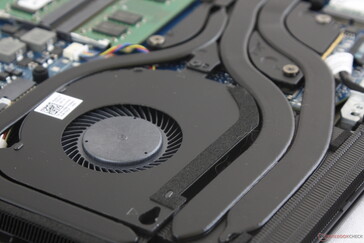 Doppia ventola con quattro tubi termici condivisi tra CPU e GPU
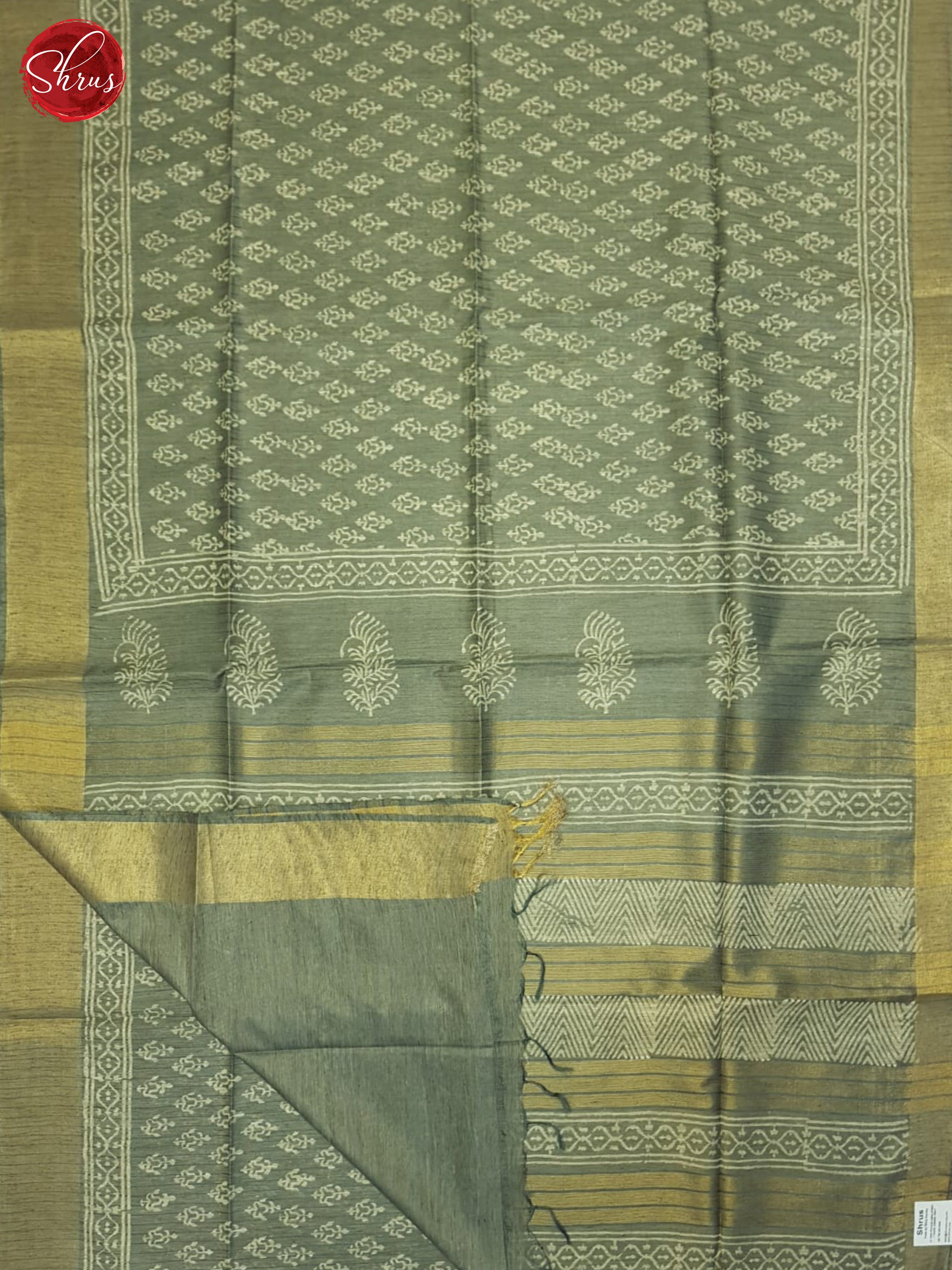 Grey(Single tone)- Semi Gicha Saree - Shop on ShrusEternity.com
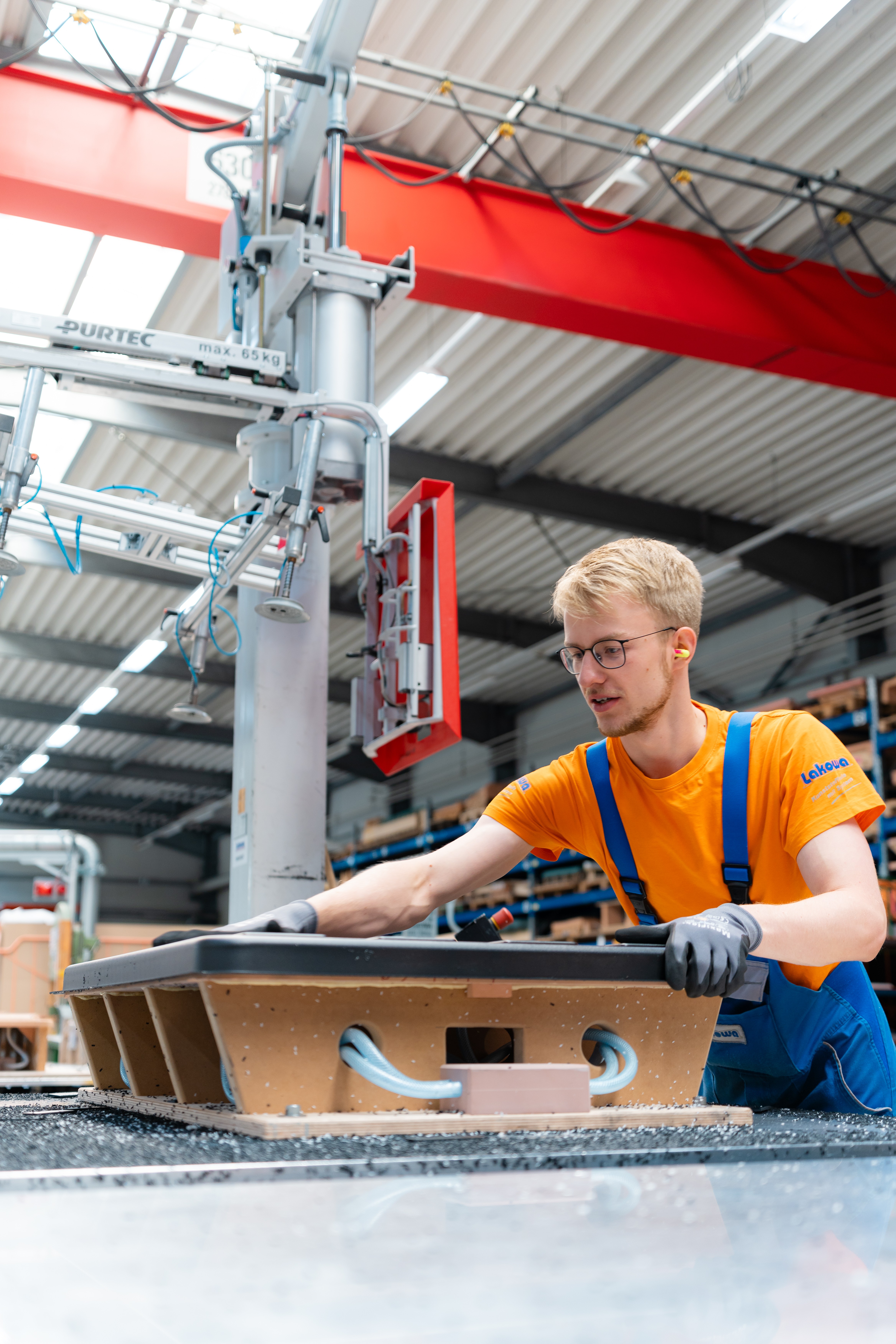 Bild zur Stelle Mitarbeiter Bereich  CNC - Fräsen (m/w/d)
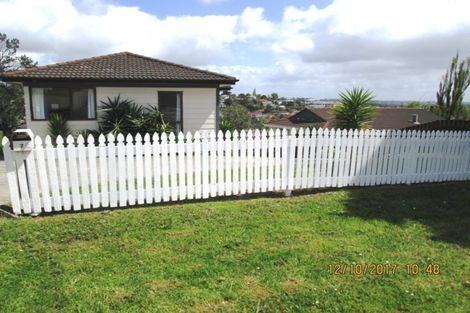Photo of property in 7 Adam Sunde Place, Glen Eden, Auckland, 0602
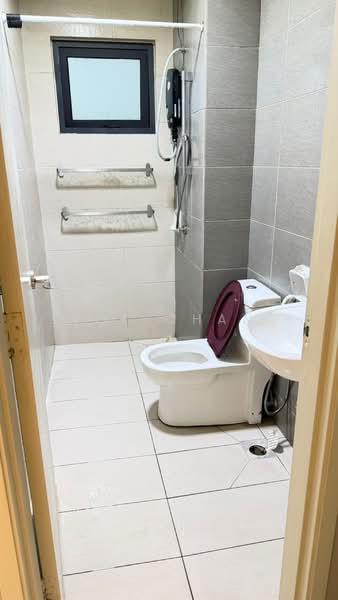 Condominium for Rent at Skyvilla @ D'Island - Joe Chan - Bathroom - PropertyGuru.com.my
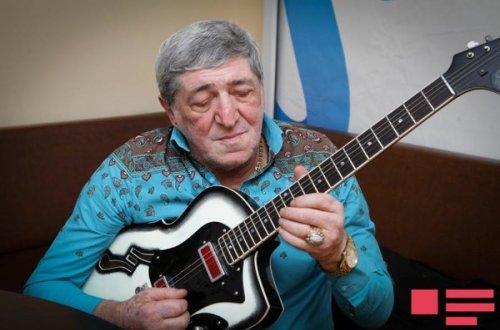 Rəmişin 1700 manatlıq gitarası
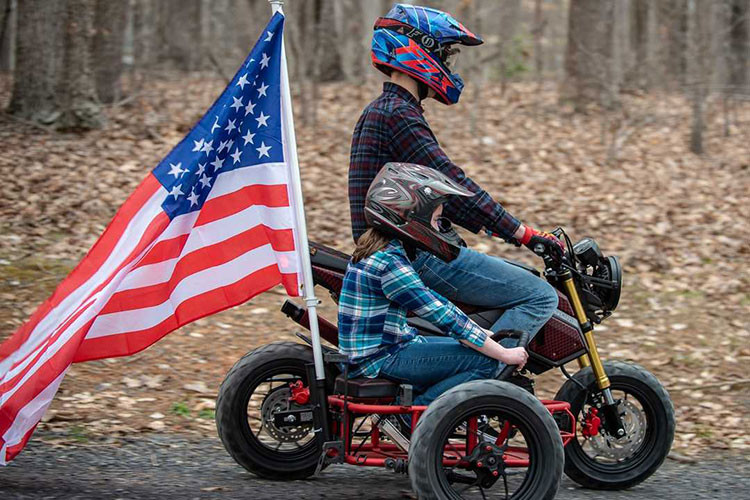 Với phong cách độ độc đáo này, đây có thể được xem là chiếc xe máy Honda MSX 125 độ sidecar độc nhất vô nhị trên thế giới hiện nay.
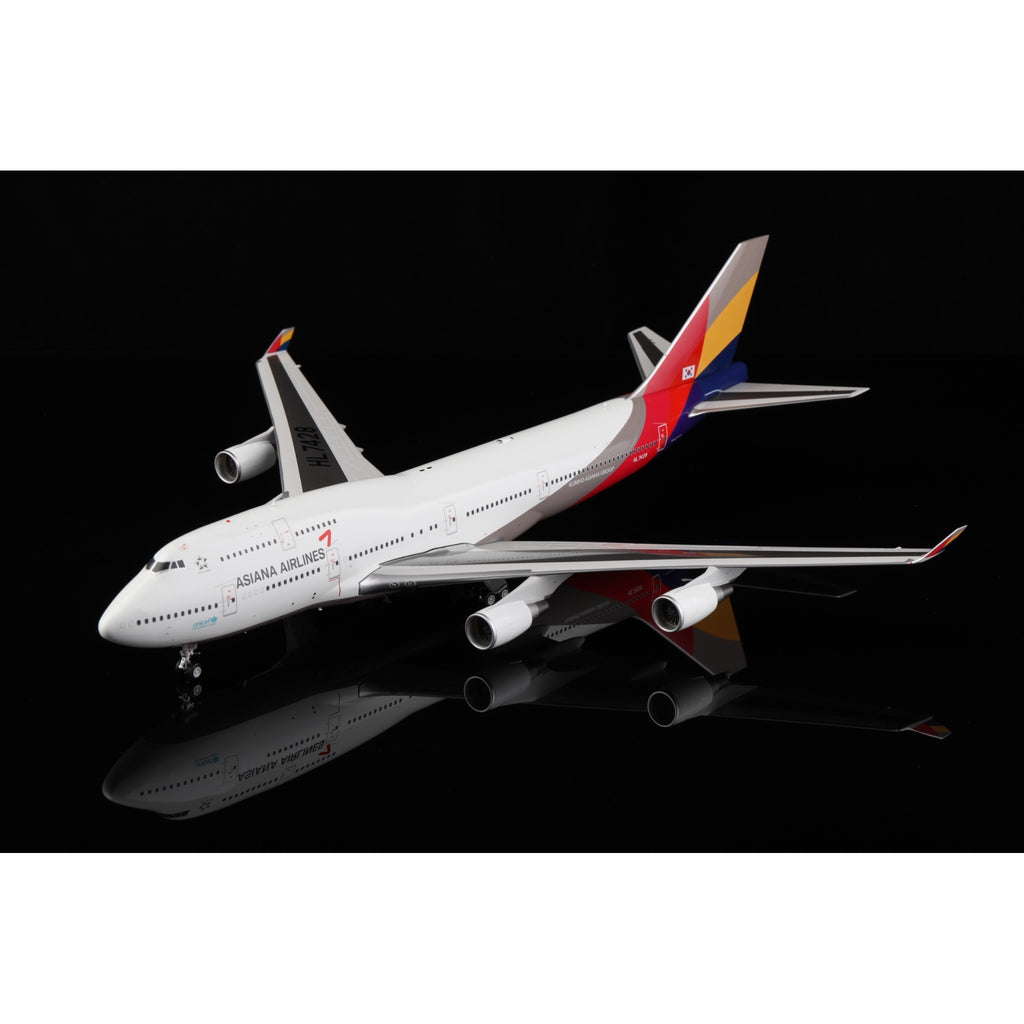 Asiana Airlines - B747-400 - HL7428 - L2003 - 35.3cm -  Scale 1/200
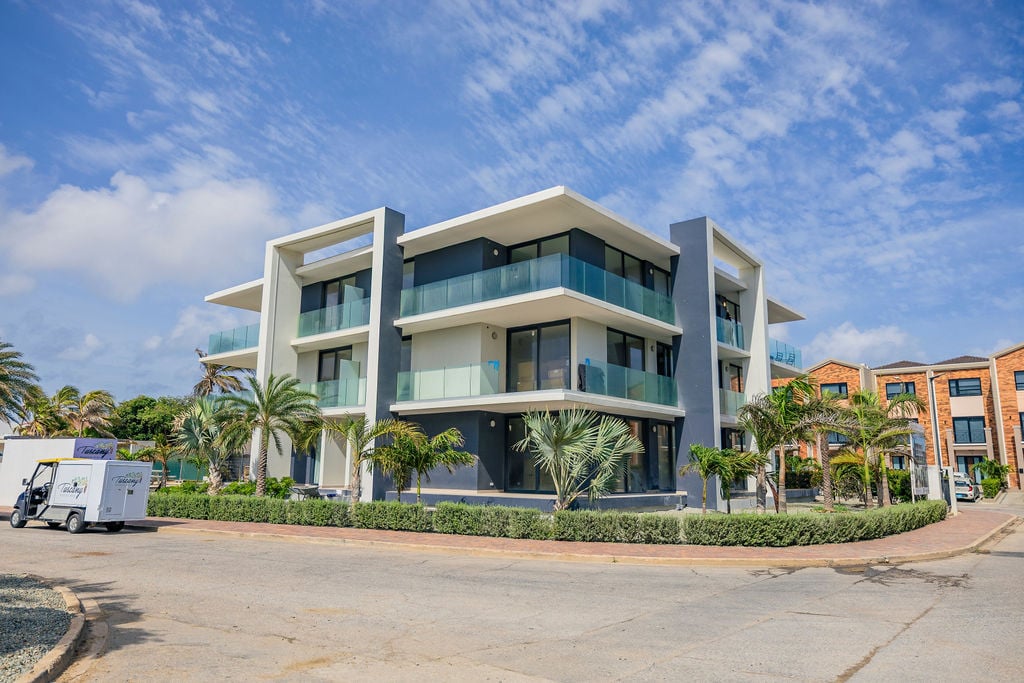 Arashi Boutique Condominiums 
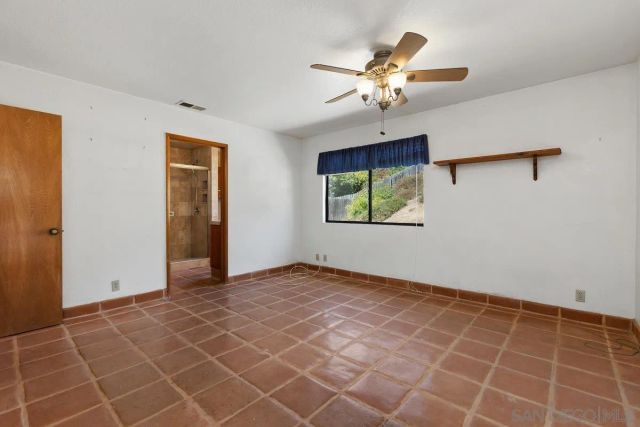 2922 Alamitos, Escondido, CA 92027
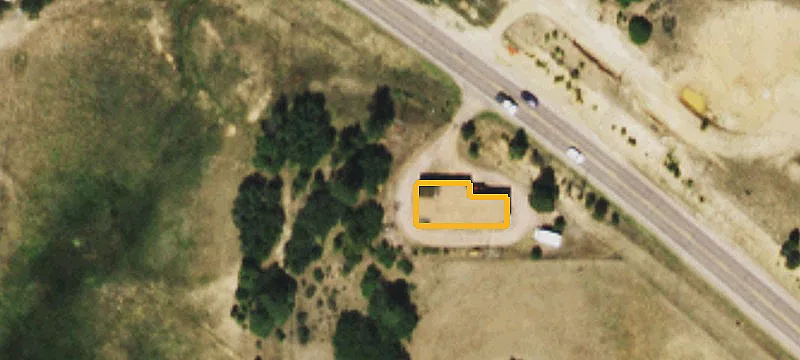 320 Hwy 105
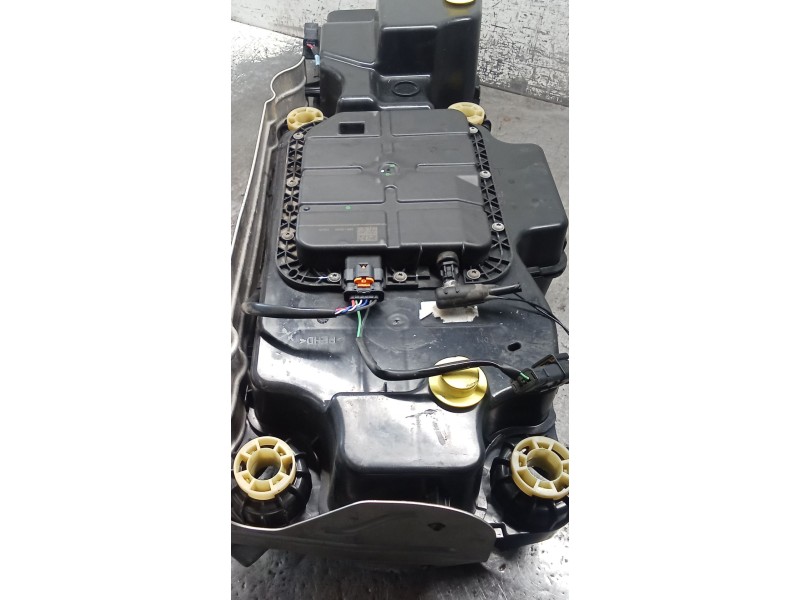 Recambio de deposito combustible para peugeot boxer furgoneta 2.0 bluehdi 130 referencia OEM IAM P1001282 9818716680 ADBLUE 14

◆ ◆ ◆ ◆

From the line with "Photo of property" to the last line of the material, both inclusive, set down every line exactly and nothing else; omit pictures.

**RESPONSE AREA:**
Photo of property in 7 Adam Sunde Place, Glen Eden, Auckland, 0602
 Condominium for Rent at Skyvilla @ D'Island - Joe Chan - Bathroom - PropertyGuru.com.my
 Rəmişin 1700 manatlıq gitarası
 Với phong cách độ độc đáo này, đây có thể được xem là chiếc xe máy Honda MSX 125 độ sidecar độc nhất vô nhị trên thế giới hiện nay.
 Asiana Airlines - B747-400 - HL7428 - L2003 - 35.3cm -  Scale 1/200
 Arashi Boutique Condominiums 
 2922 Alamitos, Escondido, CA 92027
 320 Hwy 105
 Recambio de deposito combustible para peugeot boxer furgoneta 2.0 bluehdi 130 referencia OEM IAM P1001282 9818716680 ADBLUE 14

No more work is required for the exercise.